═══ Exercise data ═══
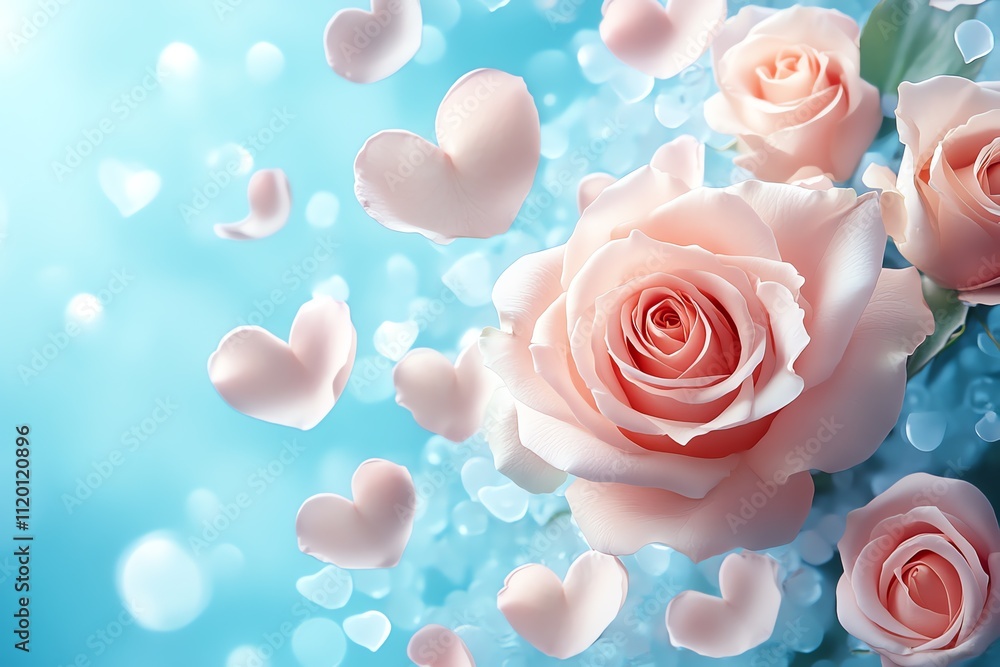 Heartfelt Message Banner for a Website Heartfelt Message Banner for a Website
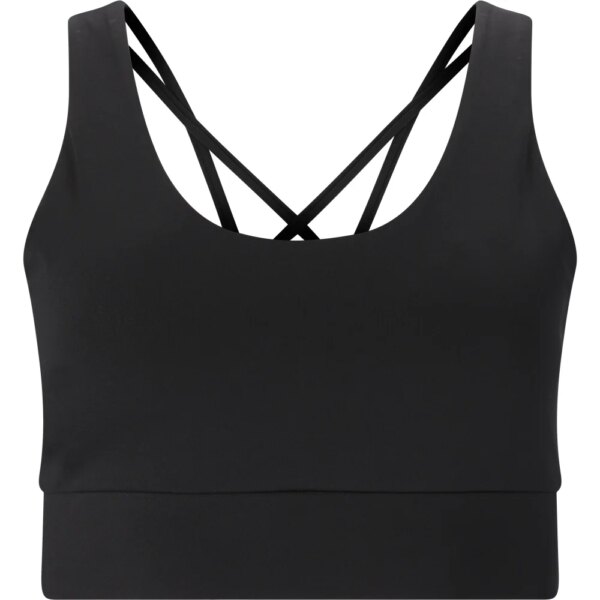Athlecia-Athlecia-Gaby-V2-Sport-BH-schwarz-schwarz Athlecia - Athlecia Gaby V2 Sport BH schwarz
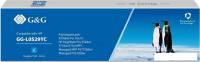 Картридж G&G GG-L0S29YC (аналог HP L0S29YC)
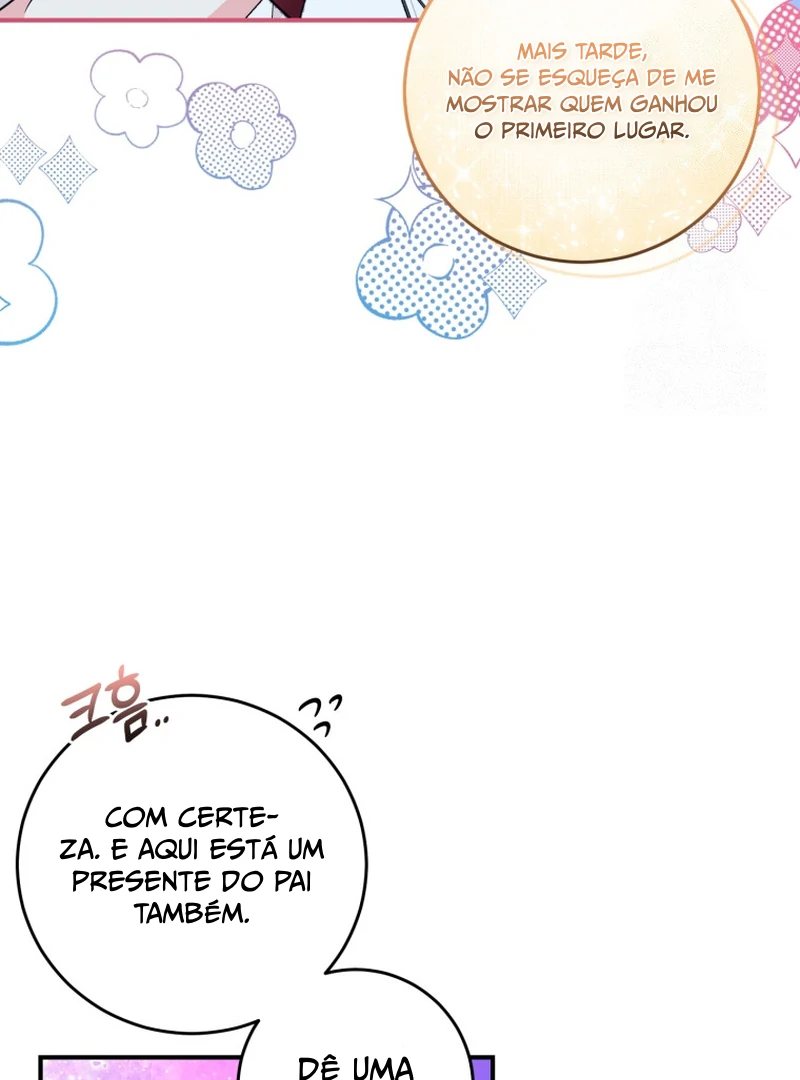 Baby Pharmacist Princess Capítulo 72 Página 118
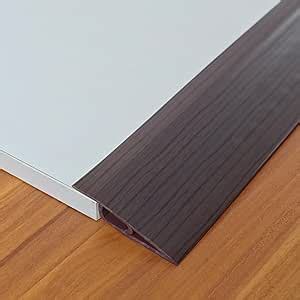 Ft Floor Carpet Threshold Transition Strip Vinyl Self Adhesive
═══
**Requirement**
Print, please, exactly the lines from the one holding "Baby Pharmacist Princess" through the final line of the data, both included, while leaving out each picture.

**Answer to the exercise**
 Baby Pharmacist Princess Capítulo 72 Página 118
 Ft Floor Carpet Threshold Transition Strip Vinyl Self Adhesive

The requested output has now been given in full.